By Craig Charney | Insights | Series II | No. 1 | December 2013
Q: How can we use control and comparison groups for evaluations in non-experimental situations involving countrywide programs or campaigns?
A: Good question – and a frequent problem. When programs call for big, national-scale programs, it is particularly difficult to separate out control or comparison groups from the “treatment” or “experimental” groups. After all, the treatment has been applied everywhere! But there are solutions…
One is prior research: pilot or experimental studies on a smaller scale before a program is scaled up. This type of work can more easily isolate and compare experimental and control groups that are selected to be similar in relevant aspects (economic, social, political, geographic, as the case may be). However, a variety of circumstances may prevent piloting – and even when pilots work, it is good to have confirmation that the program taken to scale is making a difference, too. How can this be done?
One way is to look for variations in exposure to the program to compare. Even when programs are national in scope, there often are differences in the extent to which members of the population are exposed to them.

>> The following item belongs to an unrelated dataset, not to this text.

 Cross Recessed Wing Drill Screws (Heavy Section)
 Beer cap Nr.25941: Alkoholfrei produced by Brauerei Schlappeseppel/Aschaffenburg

Surveys can be particularly helpful in disentangling these groups, which often may live in the same neighborhood or even the same household.
For example, when we evaluated USAID-funded voter education programs in Indonesia in 1999, after the country’s first democratic elections, we were able to group the members of the public by their self-reported exposure to the program. (See Fig. 1 below) We separated out those who were never exposed, who had seen materials once or a few times, and those who had seen the TV spots and publications many times. When we did, the results were dramatic: recognition of election observers, confidence in elections, democratic values and even knowing what democracy is were directly proportional to exposure to the program.
Fig 1: USAID supported TV spots had a measurable effect on attitudes to gender and politics.
Still, in a program like this, where there were a variety of interventions, how could you show that specific ones made a difference? We faced this problem in the voter education evaluation, because we wanted to find out whether specific USAID-funded efforts had made a difference – in particular, TV spots urging women to exercise their rights to become political leaders or to make their own voting choices without “help” from their menfolk. So here we tested for individuals’ exposure to specific program items – in this case, the individual spots – in the survey. (We did this by showing a still from the ad, reading the text, and asking if the respondent had seen it. Now, with tablets and smartphones much commoner, we would probably have the interviewer show the spot.)
Fig. 2: USAID supported TV spots had a measurable effect on attitudes to gender and politics.
When we did this, we saw substantial differences between people exposed and not exposed — 12 points for the leadership spot, 16 points for the “own choice” ad. When you consider that 62 million people saw these spots, that works out to quite a difference. Pity it remains one of USAID’s best kept secrets!
But, a skeptic might say, maybe there’s another difference between your “exposed” and “control” groups that really accounts for their differing reactions, instead of the programs. Perhaps education? Educated people might be likelier to watch TV and to favor equality for women. How to test this?
If there’s just one additional factor, like education, you can control for it by cross-tabulating the data by both exposure AND educaton. If exposure makes a difference in the less- and better-educated groups, you show that the “third factor” doesn’t disprove the effect. On the other hand, if the difference between exposed and non-exposed vanishes when you control for education, then it cancels out the effect. (In the example above, it doesn’t.)
Say there are several potential “third factors” that might be at work, perhaps education, income, and urbanization, all of which might explain differences in both exposure to TV and attitudes to women’s rights. In that case, we would do multiple regression analysis, where we impose statistical controls to estimate the influence of each of them, as well as exposure to the program, on whatever the program is designed to influence. (For more detail, look in any statistics textbook.) This gives more precise estimates, but they are generally difficult for lay people to understand. You can also do regressions when there are just two variables involved, but unless you need the “betas” or regression coefficients, it’s usually easier for ordinary people to understand cross-tabulations.